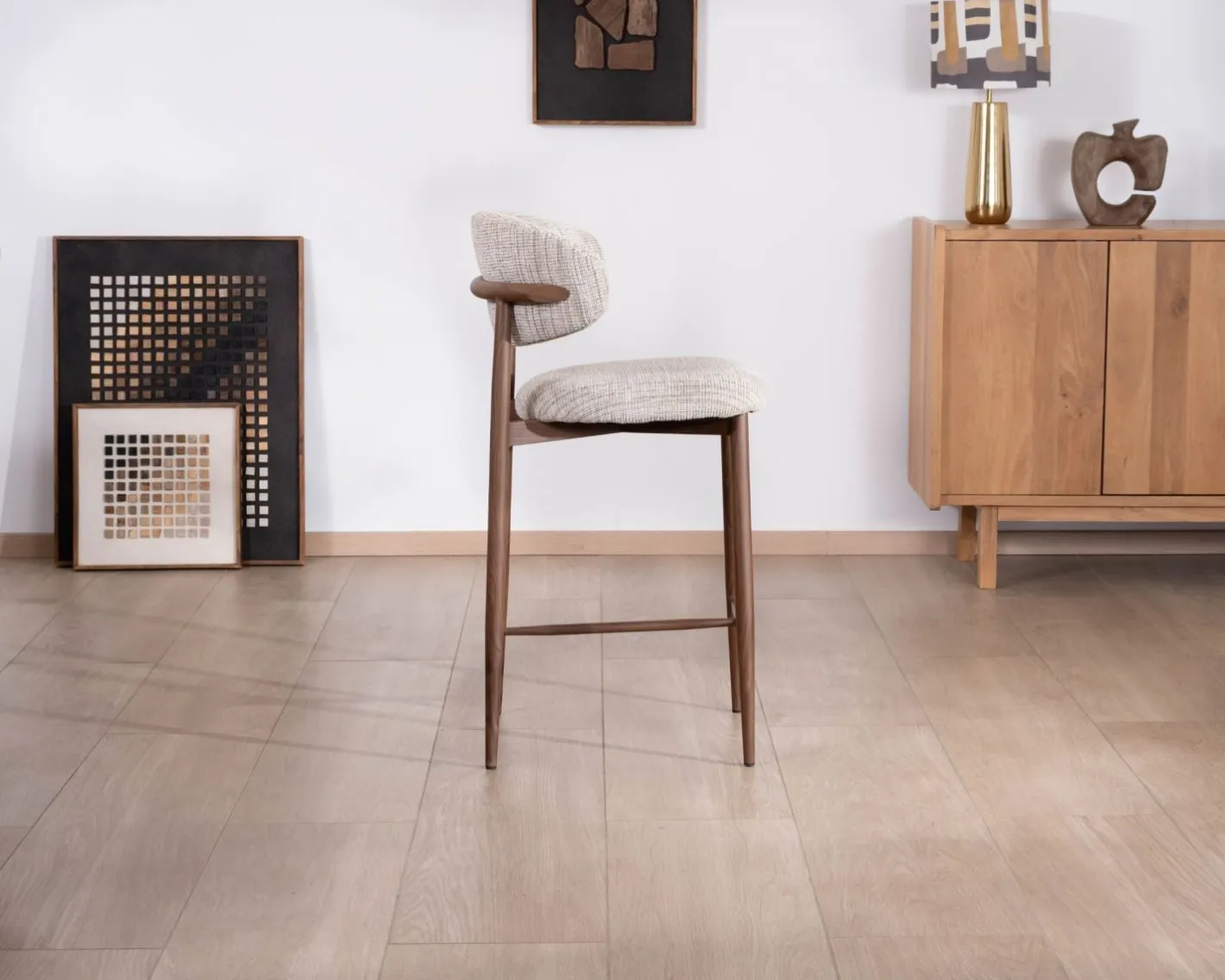 Outlet Lot de 2 chaises mi-hauteur rétro en tissu tramé beige et marron "Arpège" pieds métal aspect noyer Chaise De Bar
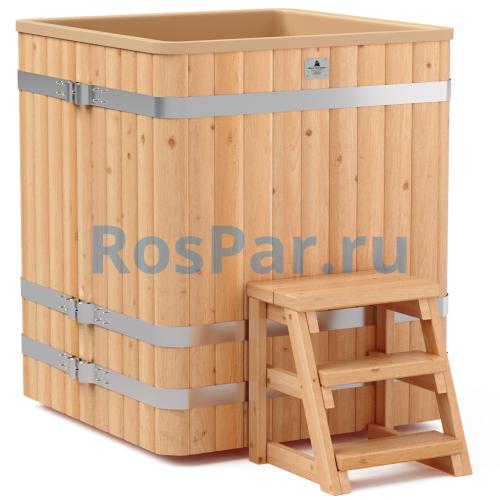 Квадратная купель «COMFORT» из лиственницы с пластиковой вставкой длина 1000 мм ширина 1000 мм высота 1150 мм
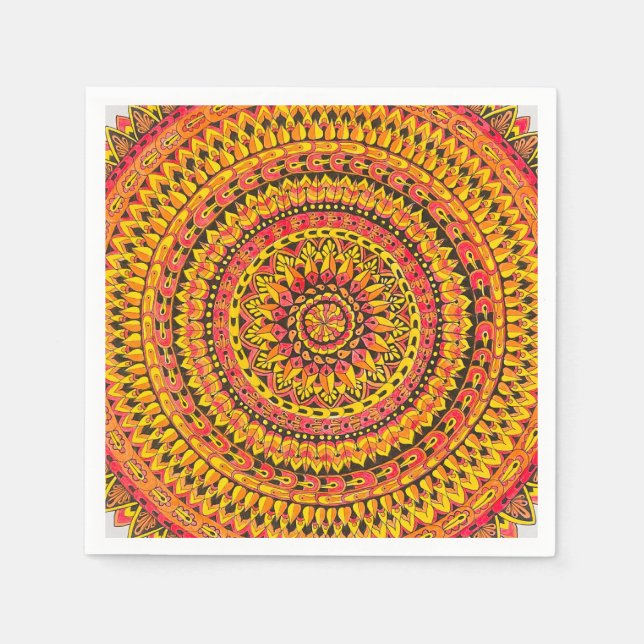 Guardanapo De Papel Arte Original Mandala Laranja (Frente)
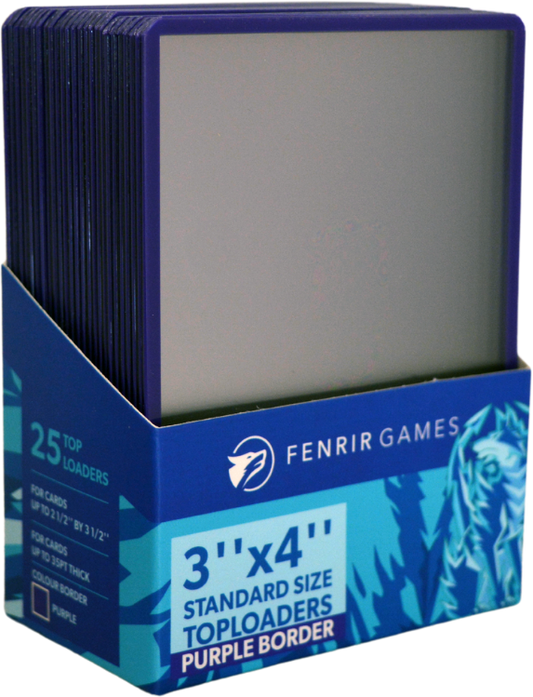 Fenrir Games Standard Size (3'' by 4'') Toploaders (25 count) - Purple Border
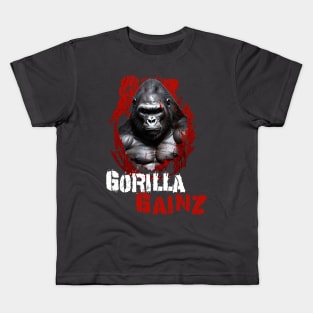 Silverback Gorilla Gainz Muscle Ape Distressed Design Kids T-Shirt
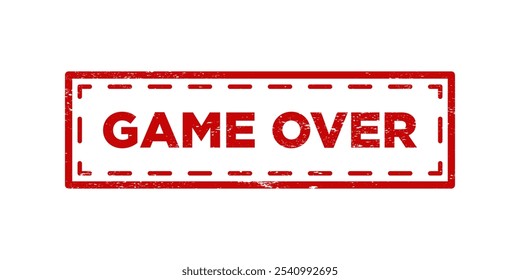 Game Over red grunge stamp. Game Over vintage rubber badge template isolated vector icon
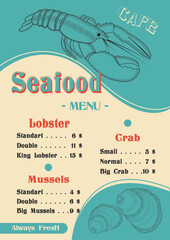 Seafood menu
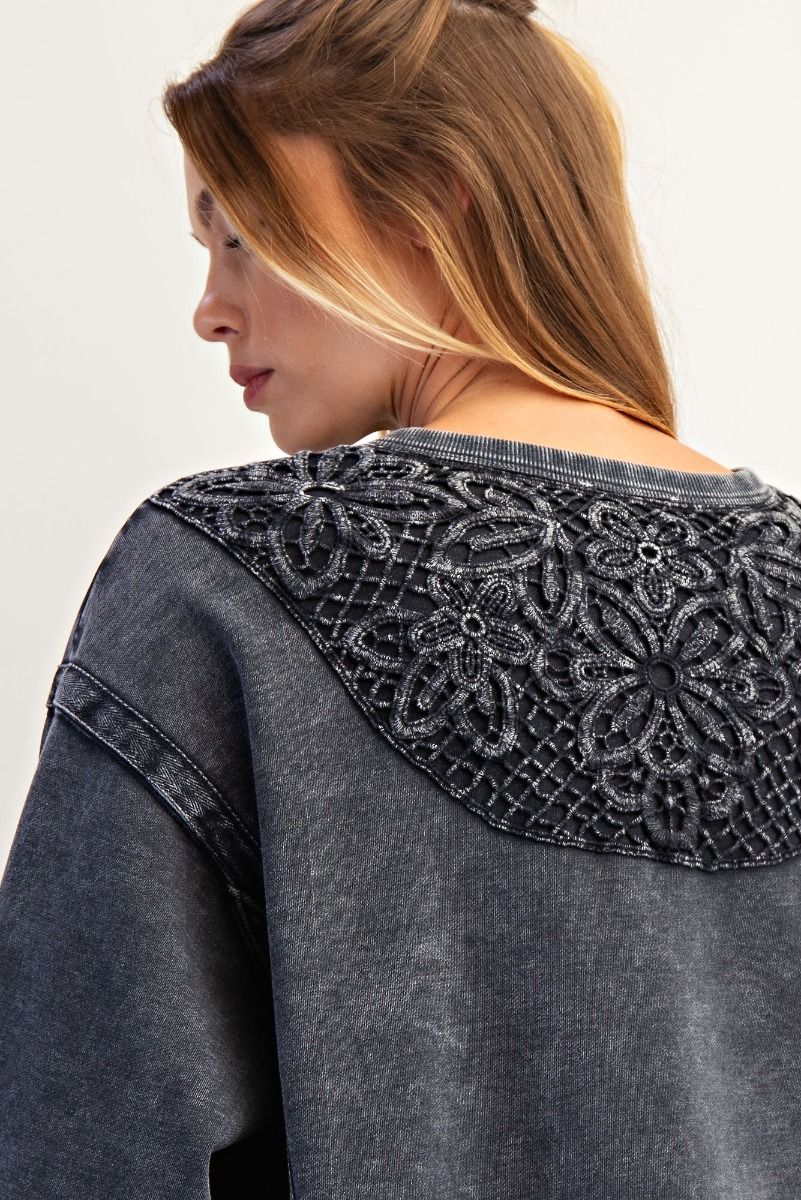 Easel Crochet Patch Crewneck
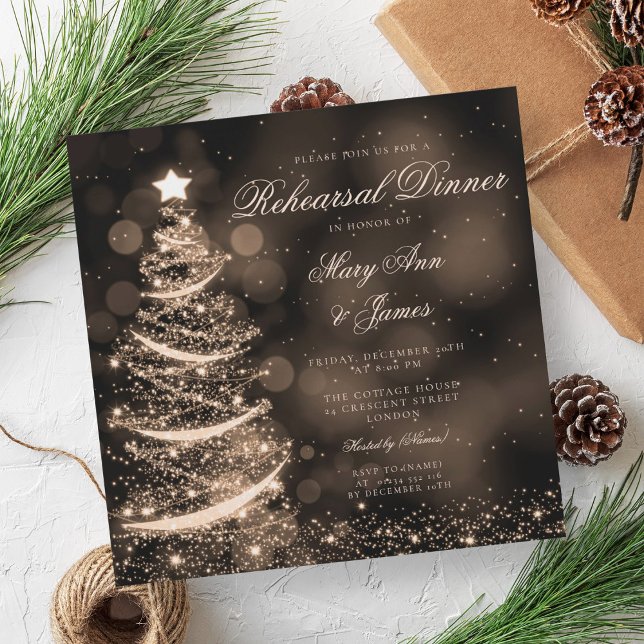 Invitation Soirée de Noël Elégante Noir & Or (Elegant Black & Gold Christmas Rehearsal Dinner Invitation)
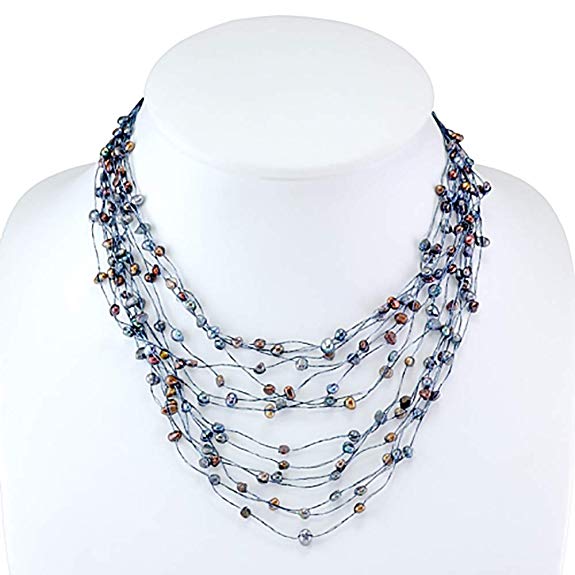 Silk Thread and Cultured Freshwater Pearl Multi Strand Cluster Necklace, 17-19 inches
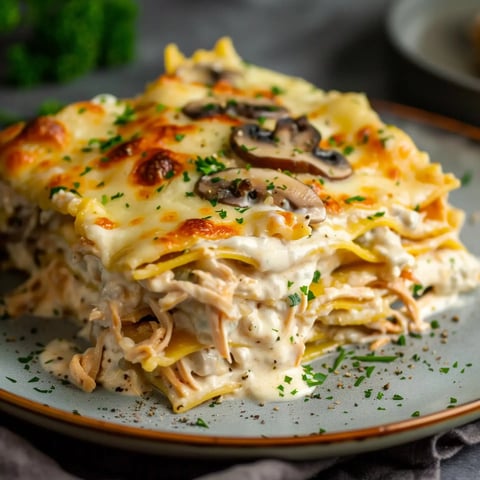 Lasagnes crémeuses garnies de champignons et de poulet, servies sur une assiette avec une touche de persil.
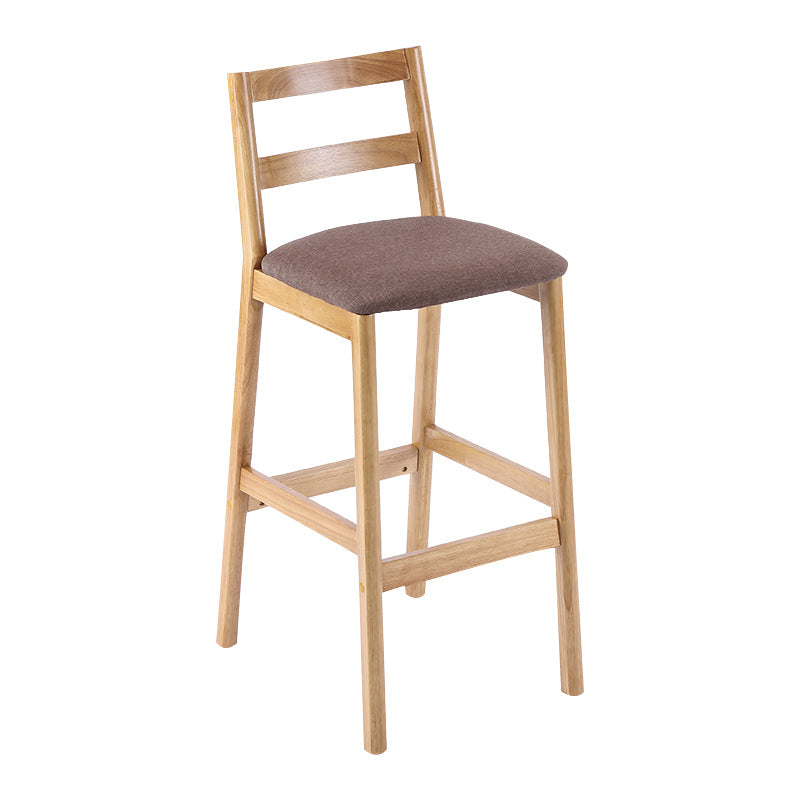 Modern Solid Wood Counter & Bar Stool Low Back Bar Stool with Wood Legs Coffee 1 Piece Clearhalo 'Bar Furniture' 'Bar Stools' 'bar_stools' 'furn' 'furn_bar_stools' 'furniture_bar_stools' 'Kitchen & Dining Furniture' 'kitchen&dining_furn' 'kitchen' 'kitchen_furn' Furniture' 4258868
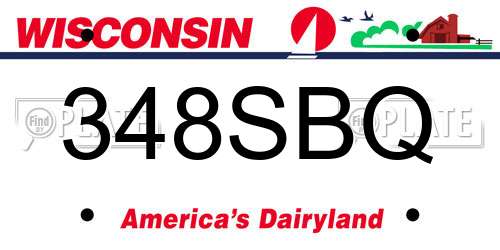 348SBQ Wisconsin License Plate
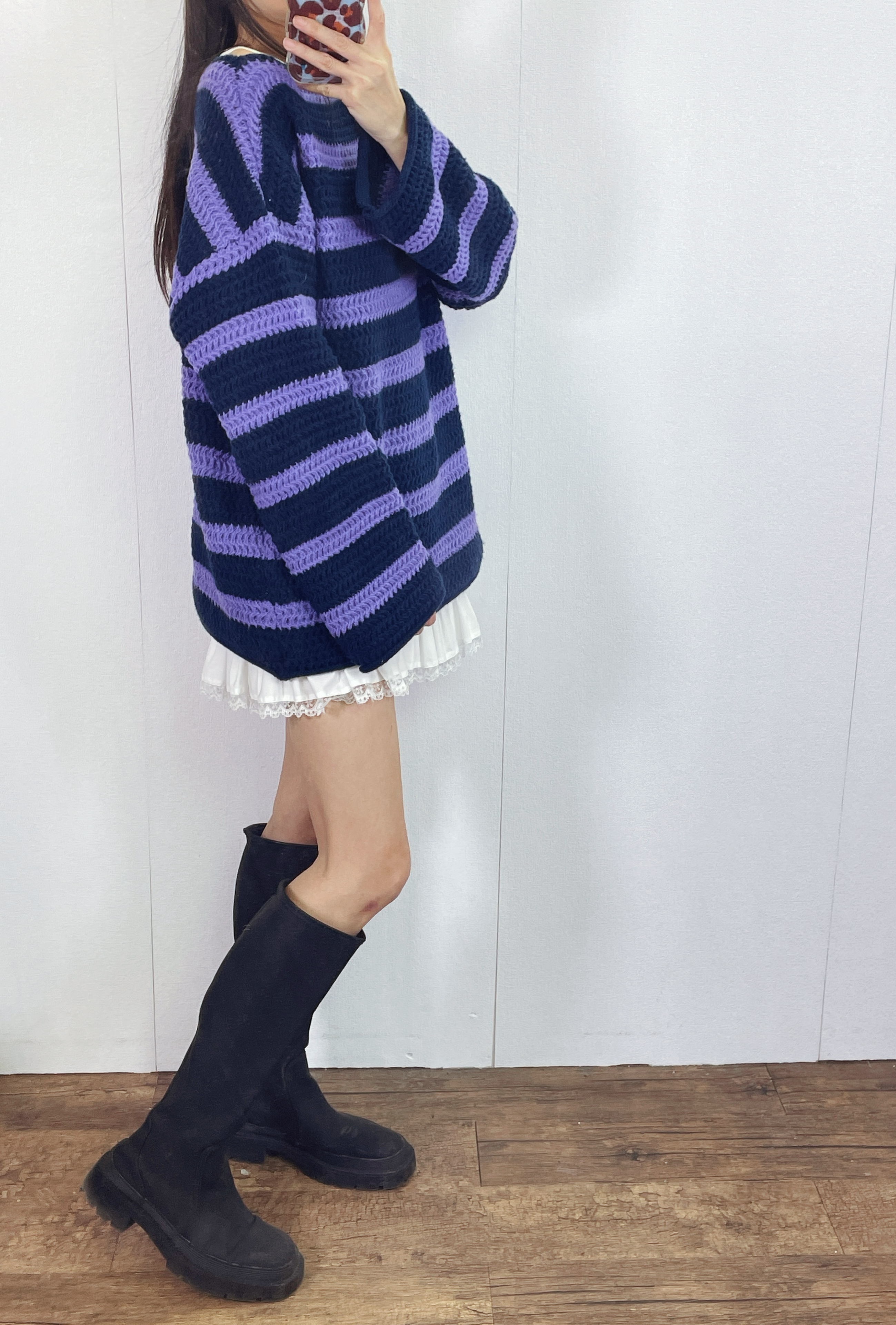 K5528 粗線橫間一字領長身身針織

◇ ◇ ◇ ◇ ◇ ◇ ◇

Exercise brief. All entries must be output exactly as they stand, and every picture must be left out.

Exercise response.
 Outlet Lot de 2 chaises mi-hauteur rétro en tissu tramé beige et marron "Arpège" pieds métal aspect noyer Chaise De Bar
 Квадратная купель «COMFORT» из лиственницы с пластиковой вставкой длина 1000 мм ширина 1000 мм высота 1150 мм
 Guardanapo De Papel Arte Original Mandala Laranja (Frente)
 Fenrir Games Standard Size (3'' by 4'') Toploaders (25 count) - Purple Border
 Silverback Gorilla Gainz Muscle Ape Distressed Design Kids T-Shirt
 Game Over red grunge stamp. Game Over vintage rubber badge template isolated vector icon
 Seafood menu
 Easel Crochet Patch Crewneck
 Invitation Soirée de Noël Elégante Noir & Or (Elegant Black & Gold Christmas Rehearsal Dinner Invitation)
 Silk Thread and Cultured Freshwater Pearl Multi Strand Cluster Necklace, 17-19 inches
 Lasagnes crémeuses garnies de champignons et de poulet, servies sur une assiette avec une touche de persil.
 Modern Solid Wood Counter & Bar Stool Low Back Bar Stool with Wood Legs Coffee 1 Piece Clearhalo 'Bar Furniture' 'Bar Stools' 'bar_stools' 'furn' 'furn_bar_stools' 'furniture_bar_stools' 'Kitchen & Dining Furniture' 'kitchen&dining_furn' 'kitchen' 'kitchen_furn' Furniture' 4258868
 348SBQ Wisconsin License Plate
 K5528 粗線橫間一字領長身身針織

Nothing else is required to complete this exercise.